Ten program, Orlik, jest dla nas, można powiedzieć, jak zbawienie
O programie „Moje Boisko – Orlik 2012” rozmawiamy z Barbarą Gąsiorowską, Burmistrzem Miasta i Gminy Nowe Miasto nad Pilicą.
Czy gmina Nowe Miasto złożyła wniosek do programu Orlik?
- Tak, złożyliśmy wniosek w tym roku. O przyznaniu środków finansowych na tę inwestycję dowiedzieliśmy się dość późno, ale wszystko przebiegło dobrze. Obecnie budowa dobiega już końca. Wykorzystaliśmy teren przy szkole podstawowej, było tam asfaltowe boisko, nieogrodzone, wyglądało nieestetycznie. Teraz będziemy mieli piękny zadbany teren z boiskami służący przede wszystkim młodzieży i dzieciom.
Ile boisk jest obecnie w Państwa gminie? W jakim są stanie? Czy były modernizowane?
- Na terenie naszej gminy mamy boisko przy szkole podstwowej w Żdżarach wykonane w czynie społecznym przez mieszkańców. Mamy na terenie miasta stadion miejski, który był niestety bardzo zaniedbany, ale w tym roku zrobiliśmy na nim trybuny i myślę, że sukcesywnie będzie on odnawiany.

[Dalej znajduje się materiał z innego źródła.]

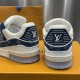 LV Trainer Sneaker 1ADHHX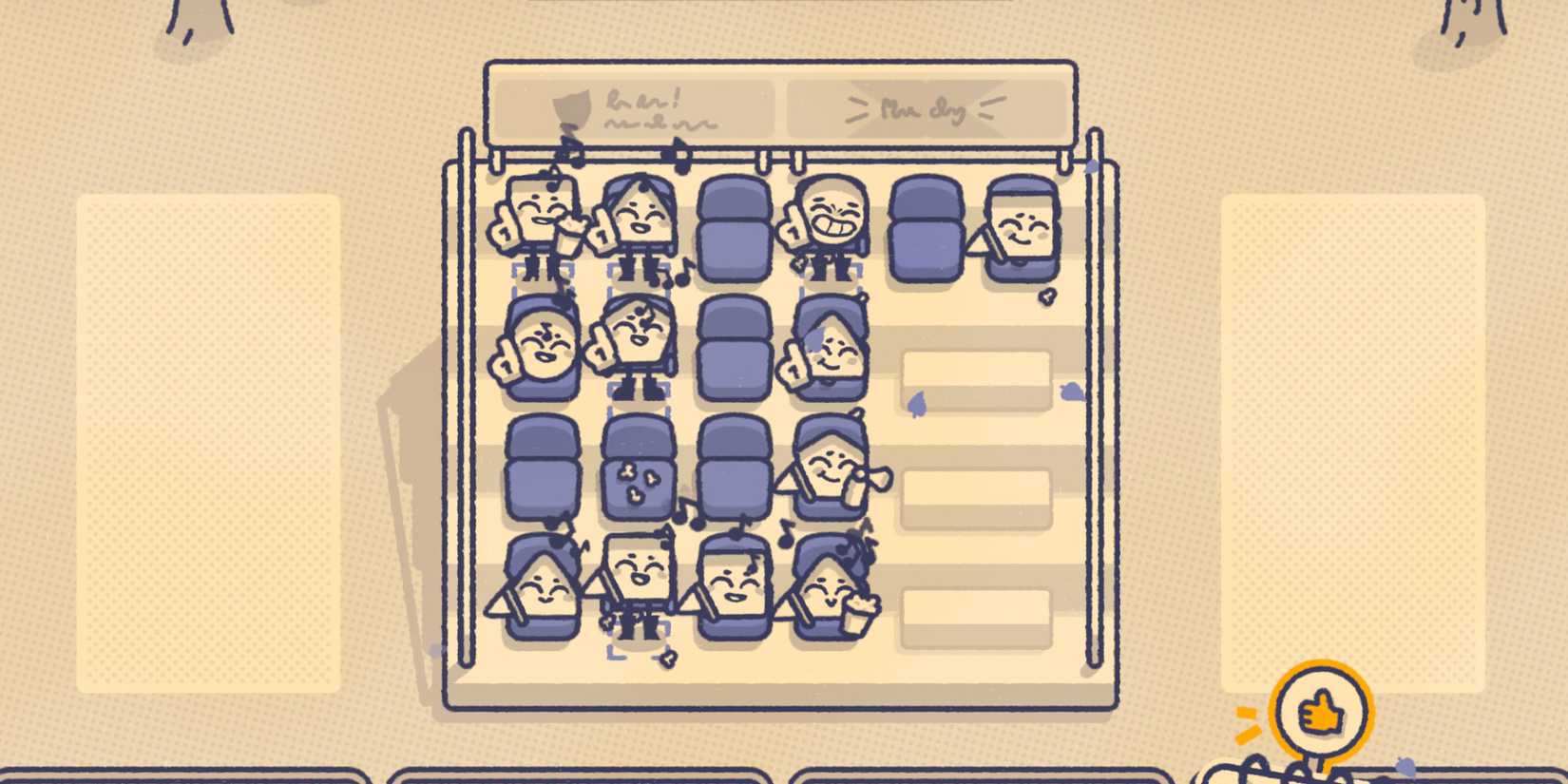 Is This Seat Taken London Walkthrough Chapter 3 Puzzles Football Stadium Level Puzzle 4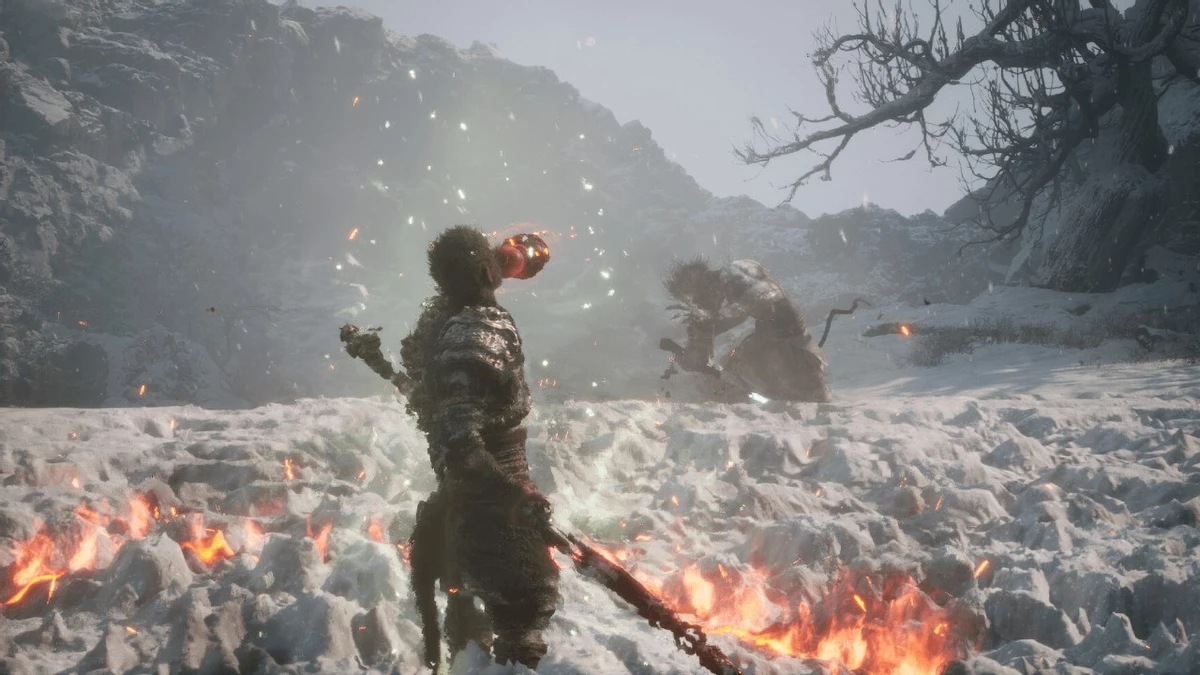 Black Myth: Wukong теперь самая желанная игра среди пользователей Steam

Jakie są priorytety wydatków gminnych - czy wśród wielu potrzeb społeczności lokalnej silna jest potrzeba zbudowania boiska?
- Jak w każdej gminie, tak i u nas jest długa lista potrzeb i życzeń. Muszę jednak powiedzieć, że rozwój infrastruktury sportowej leży na sercu każdemu radnemu, dlatego nie ma sprzeciwu odnośnie przesunięcia środków w budżecie na te inwestycje. W ubiegłym roku składaliśmy wnioski o środki norweskie na przebudowę stadionu, niestety nie udało się. W tym roku udało się z Orlikiem.
Zgodnie z Programem Orlik 2012 wstępny koszt budowy kompleksu wynosi około 1 mln zł. Czy Pani zdaniem za taką kwotę można boisko wraz z dodatkowymi elementami zbudować?
- Jeżeli jest to teren uzbrojony i nie potrzeba tam wykonywać dodatkowych prac ziemnych, to ta kwota byłaby wystarczająca. Jednak inwestycji "Orlików" jest bardzo dużo, automatycznie nie ma więc wykonawców, a ci, którzy zostali podnieśli ceny. Jeśli ktoś musi uzbroić teren, to wiąże się to z dodatkowymi kosztami, dlatego te inwestycje są drogie.
Czy kwota dotacji od rządu i samorządu województwa jest wystarczająca? Czy gminę stać na wydatek ponad 300 tys. zł na boisko, który ma być dokonany ze środków własnych?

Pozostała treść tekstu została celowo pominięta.